A differenza degli altri birrifici sia Raimondo Cetani che Tommaso Norsa rimangono come parte attiva all’interno di Hibu anche dopo la vendita a Dibevit, azienda controllata di Heineken e specializzata nella distribuzione di prodotti premium: «Siamo stati il primo birrificio craft in europa ad essere acquistato da Heineken (tramite la controllata Dibevit) ,la loro politica era quella di vendere prodotti per un certo target, permettendoci di continuare in maniera piuttosto indipendente con il nostro lavoro.
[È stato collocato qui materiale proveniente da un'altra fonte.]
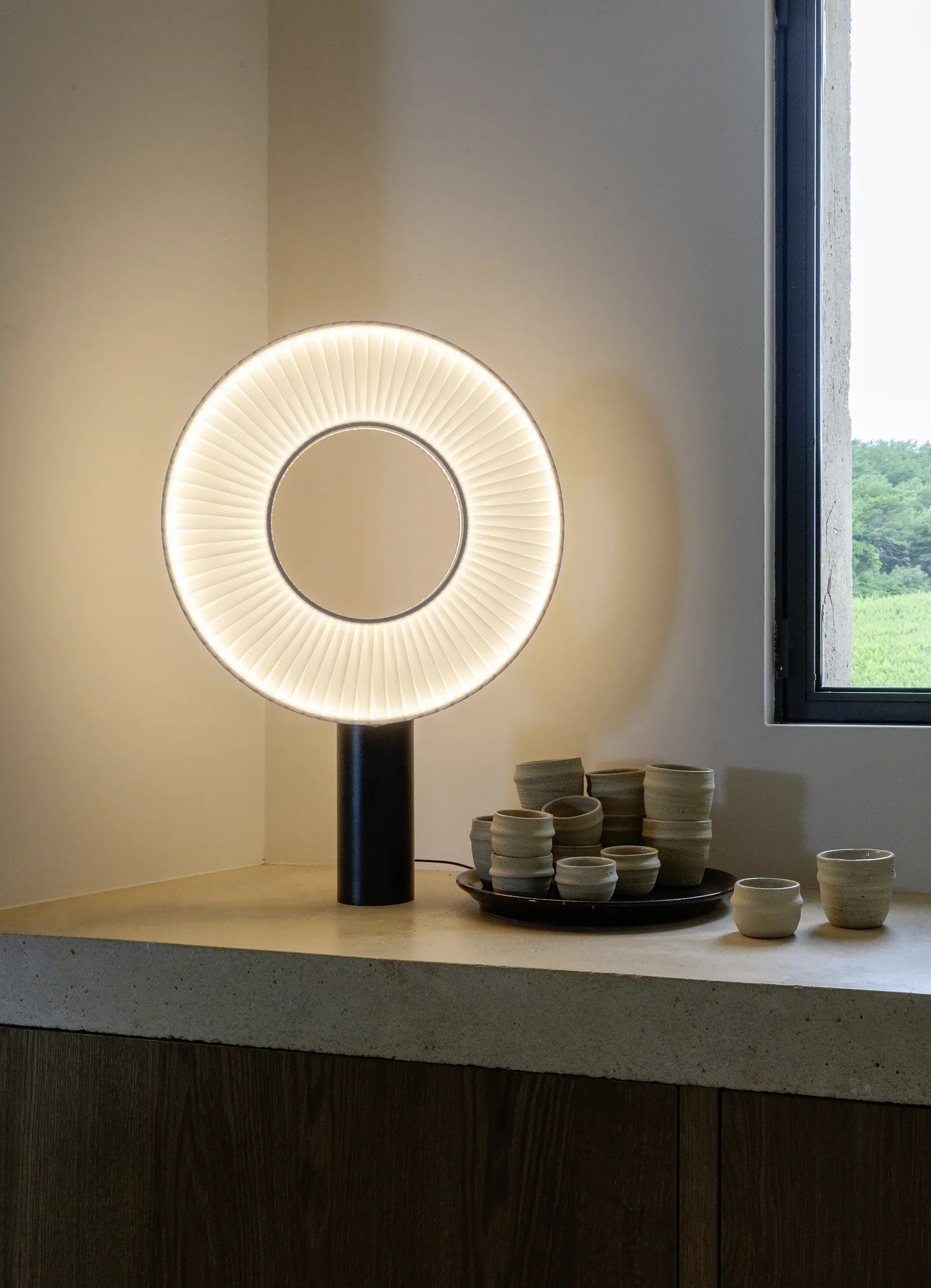 Iris Table 50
Questo è stato uno dei motivi, probabilmente, per cui siamo rimasti fino alla fine dentro Hibu», ci racconta Raimondo, «Credo che nel 2010 ci sia stata una svolta importante nella crescita del movimento craft in italia Il mondo industriale vide in quel 3% dell’epoca una possibilità concreta di inserirsi in un business che, però, si è probabilmente rivelato un azzardo». A testimonianza di questo cambio di direzione, con l’abbandono di tutti i fondatori dai loro progetti, a inizio anno, Raimondo e Tommaso hanno riacquistato il birrificio da Heineken segnando, ad anni di distanza, il tramonto definitivo di quella sbronza del mondo industriale per la birra artigianale durata due anni.
Aggiornamento 25/01/2022:
Il 22 gennaio il magazine online Marsica Live ha diffuso la notizia che all’interno di Birra del Borgo è in corso un ridimensionamento che porterà al licenziamento di almeno 40 dipendenti, che si aggiunge alla notizia del 18 gennaio sulla chiusura de L’Osteria di Birra del Borgo di Roma e il tramonto definitivo dell’esperienza di Collerosso.